The saddest thing I've ever seen in my life was an article in the Spanish Fork Press about a local woman who'd won a poetry competition. This was all fine, but when I went on to read the article, it turned out it was an online poetry contest that she'd entered, and within just a couple days she got an email announcing that she'd won and they wanted to publish her poem! She could even purchase a leather bound, archival quality volume with gold-colored edging featuring her poem with the other winners! And she could purchase multiple copies to give to her friends and relatives so that they could recognize her achievement! And she could buy a trophy for her 1st place poem! They article featured a photo of her being (mock)presented this trophy by her son or someone.

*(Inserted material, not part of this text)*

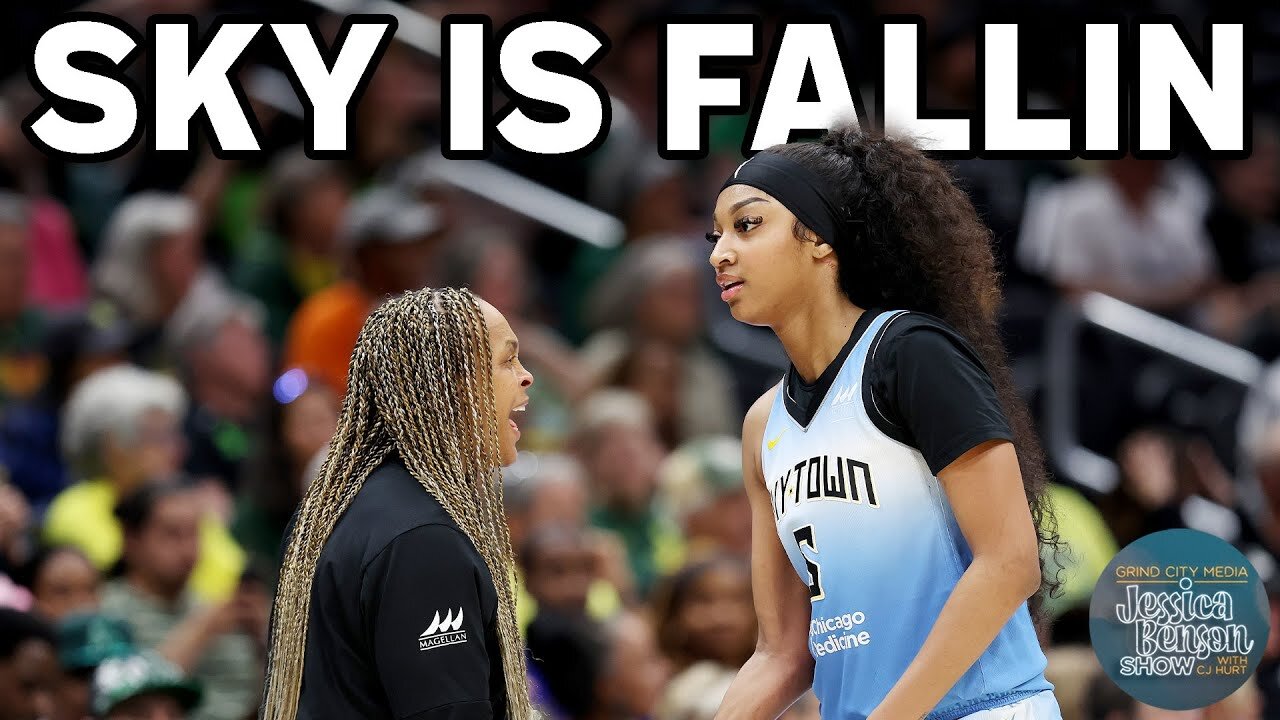 Angel Reese, Teresa Weatherspoon & the Chicago Sky: What's going on? | Jessica Benson Show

She probably also bought several copies of the book. They printed her award-winning poem, and it looked about like the kind of poem that most often wins poetry contests - really really bad, but acting like it was good. I've never claimed to be a good poet (which is probably a lie), but I've got a pretty good eye for really bad poems, and this one was among the worst. I was heart-broken to imagine her celebrating her victory and contacting the local paper to have them write a story about it. But I'm sure she's still very proud of her poem and her achievement, and has never regretted spending potentially hundreds of dollars on archival quality volumes of poetry and trophies, so there's maybe no reason to be sad at all.

This is all on my mind in part because, as Chandler pointed out, most of the poets we're likely to find in Argentina will be pretty mediocre at best. But I think the purpose isn't to find good poetry or bad poetry or to make any kind of judgment of poetry - but in sharing poetry as a way to meet random interesting people. And moving away from poetry as art to poetry as human.